### [DESCRIPTION OF THE TASK]
The required output is the complete data, repeated without alteration.

### [COLLECTED DATA]
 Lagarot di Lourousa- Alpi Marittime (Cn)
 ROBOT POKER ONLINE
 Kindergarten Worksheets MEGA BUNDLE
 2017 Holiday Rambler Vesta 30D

### [OUTPUT FOR THIS TASK]
 Lagarot di Lourousa- Alpi Marittime (Cn)
 ROBOT POKER ONLINE
 Kindergarten Worksheets MEGA BUNDLE
 2017 Holiday Rambler Vesta 30D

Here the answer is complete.